Prostate-specific membrane antigen radioligand therapy (PSMA-RLT) has emerged as a promising treatment for metastatic castration-resistant prostate cancer (mCRPC). However, current patient selection methods – largely based on qualitative imaging criteria – may impede precision and efficacy of treatment. We aimed to evaluate the predictive value of quantitative imaging biomarkers derived from dual-tracer [68 Ga]Ga-PSMA-11 and [18F]F-FDG PET/CT, with a focus on concordant lesions.

Methods

Thirty-seven mCRPC patients from two institutions underwent [68 Ga]Ga-PSMA-11 and [18F]F-FDG PET/CT prior to receiving at least two cycles of [177Lu]Lu-PSMA therapy.
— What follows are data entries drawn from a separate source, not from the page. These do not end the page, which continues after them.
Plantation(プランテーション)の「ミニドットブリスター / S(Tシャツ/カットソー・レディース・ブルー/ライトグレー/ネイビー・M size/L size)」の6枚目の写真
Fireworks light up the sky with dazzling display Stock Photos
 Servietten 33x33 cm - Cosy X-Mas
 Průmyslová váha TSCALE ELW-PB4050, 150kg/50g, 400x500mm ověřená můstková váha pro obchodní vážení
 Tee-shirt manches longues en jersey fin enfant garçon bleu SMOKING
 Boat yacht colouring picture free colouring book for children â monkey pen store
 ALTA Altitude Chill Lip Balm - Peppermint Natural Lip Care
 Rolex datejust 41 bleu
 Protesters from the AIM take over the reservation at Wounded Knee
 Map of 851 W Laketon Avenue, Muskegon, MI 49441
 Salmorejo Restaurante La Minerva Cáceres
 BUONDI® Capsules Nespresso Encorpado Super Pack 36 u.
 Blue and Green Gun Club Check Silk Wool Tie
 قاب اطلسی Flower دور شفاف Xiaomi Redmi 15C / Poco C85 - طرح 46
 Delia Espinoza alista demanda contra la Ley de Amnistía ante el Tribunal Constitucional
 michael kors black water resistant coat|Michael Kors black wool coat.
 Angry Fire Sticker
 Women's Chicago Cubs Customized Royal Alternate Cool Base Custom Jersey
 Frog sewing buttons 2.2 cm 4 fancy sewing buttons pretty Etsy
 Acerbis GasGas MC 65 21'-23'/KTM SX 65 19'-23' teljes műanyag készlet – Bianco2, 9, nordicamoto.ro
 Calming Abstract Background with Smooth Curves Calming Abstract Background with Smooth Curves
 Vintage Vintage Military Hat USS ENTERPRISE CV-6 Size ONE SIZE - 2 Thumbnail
An automated pipeline enabled lesion segmentation, dual-tracer image fusion, and extraction of quantitative features from concordant (PSMA + /FDG +) and non-concordant lesions. A decision tree model was developed on the Vienna cohort (n = 24) and validated on an independent cohort from Augsburg (n = 13). SHAP analysis was used to identify key predictive features.

Results

The decision tree achieved 95.8% accuracy in the training cohort and 84.6% in external validation. SUVmean of concordant lesions was the most predictive features. Patients with SUVmean[PSMA Concordant] ≥ 12.1 g/mL were more likely to respond. Organ-specific analysis further identified high SUVmax in bone metastases as a negative prognostic marker.

Conclusions

Quantitative metrics from dual-tracer PET, particularly those characterizing concordant lesions, show promise for predicting response to PSMA-RLT. These preliminary findings highlight the potential to move beyond binary eligibility criteria toward a more nuanced, biomarker-driven approach to patient selection.